The list measures net gains, after fees, of hedge fund managers since their respective funds’ inception.
We’ve included the top seven fund managers below.
As a group, they manage more than $275 billion in assets, and have generated more than $200 billion in gains since inception.
They generated $10.6 billion in returns in 2016, with one of the seven, George Soros’ Soros Fund Management, losing money over the year.
7. Och Ziff – Daniel Och
Net gains in 2016: $1.1 billion
Net gains since inception: $23.1 billion (1994)
Fund’s assets under management: $33.5 billion
Highlights: Och-Ziff Capital Management agreed to settle charges of bribery, paying nearly $200 million to the Securities and Exchange Commission, in September. The hedge fund‘s CEO, Dan Och, agreed to pay nearly $2.2 million to settle the charges with the SEC, as did the firm’s CFO, Joel Frank. The firm was accused of bribery in its financial dealings in Africa, which the SEC says included run-ins with Muammar Gaddafi’s relatives.
The fund also found itself the recipient of some savvy investing advice from a 24-year old Chipotle cook.
6. Appaloosa – David Tepper
Net gains in 2016: $0.7 billion
Net gains since inception: $23.5 billion (1993)
Fund’s assets under management: $15.8 billion
Highlights: Tepper came out in support of Hillary Clinton ahead of the US election, calling Donald Trump, who went on to win the election, “the father of lies.” He has said however that the US would benefit from some infrastructure spending, a key leg of Trump’s campaign platform.
5. Citadel – Ken Griffin
Net gains in 2016: $1 billion
Net gains since inception: $25.2 billion (1990)
Fund’s assets under management: $24.1 billion
Highlights: Citadel has been hiring, recently adding portfolio manager Jennifer Pollak, who moved from Folger Hill Asset Management. Citadel’s Aptigon unit last year poached about 17 portfolio managers from Visium Asset Management amid an insider-trading scandal.
4. The Baupost Group – Seth Klarman
Net gains in 2016: $2.7 billion
Net gains since inception: $25.3 billion (1983)
Fund’s assets under management: $31 billion
Highlights: Baupost made a big bet on Citigroup late last year, and has potentially been rewarded with a healthy increase in the bank’s stock price.
In a letter to his fund’s investors last year, Klarman set out what it takes to be a successful investor.
“Endless patience, great discipline, and steely resolve are required,” he said. “Nothing you do will guarantee success, though you can tilt the odds significantly in your favor by having the right philosophy, mindset, process, team, clients, and culture.”
3. D.E. Shaw – David Shaw
Net gains in 2016: $1.2 billion
Net gains since inception: $25.3 billion (1988)
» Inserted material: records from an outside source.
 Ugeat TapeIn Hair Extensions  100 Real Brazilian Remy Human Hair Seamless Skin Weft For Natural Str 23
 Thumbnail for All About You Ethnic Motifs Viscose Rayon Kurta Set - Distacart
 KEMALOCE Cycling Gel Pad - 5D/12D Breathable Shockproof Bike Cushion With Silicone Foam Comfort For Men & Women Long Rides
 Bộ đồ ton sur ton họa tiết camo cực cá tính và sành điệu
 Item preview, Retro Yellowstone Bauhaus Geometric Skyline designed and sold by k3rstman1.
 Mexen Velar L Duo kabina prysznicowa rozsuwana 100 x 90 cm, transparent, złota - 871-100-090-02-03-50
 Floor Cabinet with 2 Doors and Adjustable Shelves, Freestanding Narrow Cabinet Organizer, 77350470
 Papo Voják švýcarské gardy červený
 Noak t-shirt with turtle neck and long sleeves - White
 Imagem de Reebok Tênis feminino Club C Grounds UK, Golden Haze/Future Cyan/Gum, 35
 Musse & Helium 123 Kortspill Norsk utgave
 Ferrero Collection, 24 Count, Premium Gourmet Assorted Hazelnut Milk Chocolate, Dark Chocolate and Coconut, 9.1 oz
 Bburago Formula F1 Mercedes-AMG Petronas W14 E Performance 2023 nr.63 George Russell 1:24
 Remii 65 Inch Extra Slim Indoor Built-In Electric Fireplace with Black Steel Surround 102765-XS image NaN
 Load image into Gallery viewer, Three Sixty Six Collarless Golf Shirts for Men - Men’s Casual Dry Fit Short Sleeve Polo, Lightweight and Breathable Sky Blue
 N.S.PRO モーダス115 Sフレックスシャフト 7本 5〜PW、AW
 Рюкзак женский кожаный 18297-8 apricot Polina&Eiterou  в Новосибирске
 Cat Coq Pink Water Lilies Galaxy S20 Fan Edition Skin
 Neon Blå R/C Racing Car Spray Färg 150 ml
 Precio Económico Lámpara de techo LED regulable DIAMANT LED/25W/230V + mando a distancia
Fund’s assets under management: $27 billion
Highlights: D.E Shaw describes itself as a “global investment and technology development firm,” and is the top ranked computer-driven hedge fund in the LCH Investments ranking.
2. Soros Fund Management – George Soros
Net gains in 2016: Loss of $1 billion
Net gains since inception: $41.8 billion (1973)
Fund’s assets under management: $28 billion
Highlights: Soros reportedly lost a lot of money in the aftermath of the surprise election of Donald Trump, who he has since called “an imposter and con man and a would-be dictator.”
“The US will be preoccupied with internal struggles in the near future, and targeted minorities will suffer,” he said in a recent op-ed. “The US will be unable to protect and promote democracy in the rest of the world. On the contrary, Trump will have greater affinity with dictators.”
On February 1, it was confirmed that Dawn Fitzpatrick, a senior exec at the asset-management arm of UBS, is taking over the position of chief investment officer for Soros Fund Management.
1. Bridgewater – Ray Dalio
Net gains in 2016: $4.9 billion
Net gains since inception: $49.4 billion (1975)
Fund’s assets under management: $117.8 billion
Highlights: Ray Dalio, the head of the hedge fund Bridgewater Associates, is cooling off on his opinion of President Donald Trump.
“While there is a lot of potential to improve fiscal policies and make beneficial structural reforms (to enhance the business friendly environment, reduce regulatory inefficiencies, etc.), there is also significant risk that his populist policies could hurt the world economy (and worse),” Dalio said in a letter to investors. In Davos, Dalio said: “I want to be loud and clear — populism scares me.”